TASK BRIEF => Lines before the one holding "CHYPRE SANDAL BRIGHT" are not wanted. Please copy that line and everything after it to the end of the records, exactly, skipping pictures.

········

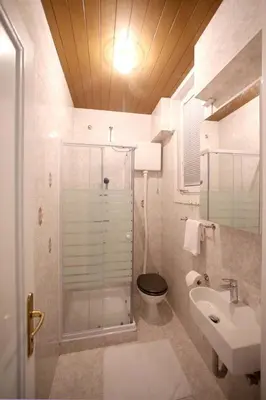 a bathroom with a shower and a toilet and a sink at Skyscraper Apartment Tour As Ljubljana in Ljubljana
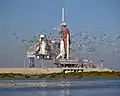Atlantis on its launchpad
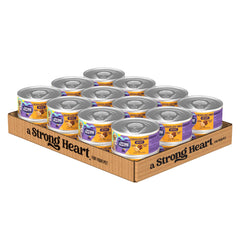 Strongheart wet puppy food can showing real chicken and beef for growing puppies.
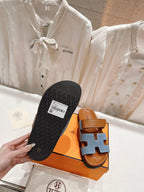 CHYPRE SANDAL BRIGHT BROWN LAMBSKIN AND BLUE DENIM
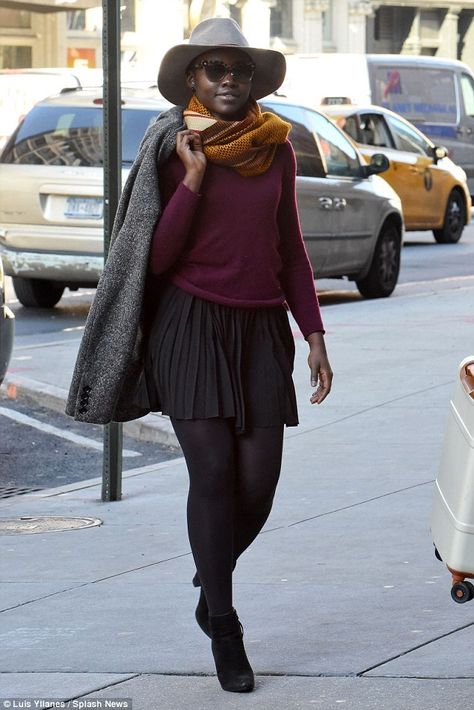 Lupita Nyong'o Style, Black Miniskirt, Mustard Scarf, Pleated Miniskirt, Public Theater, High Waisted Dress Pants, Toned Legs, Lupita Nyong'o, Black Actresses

········

PROBLEM SOLUTION =>
 CHYPRE SANDAL BRIGHT BROWN LAMBSKIN AND BLUE DENIM
 Lupita Nyong'o Style, Black Miniskirt, Mustard Scarf, Pleated Miniskirt, Public Theater, High Waisted Dress Pants, Toned Legs, Lupita Nyong'o, Black Actresses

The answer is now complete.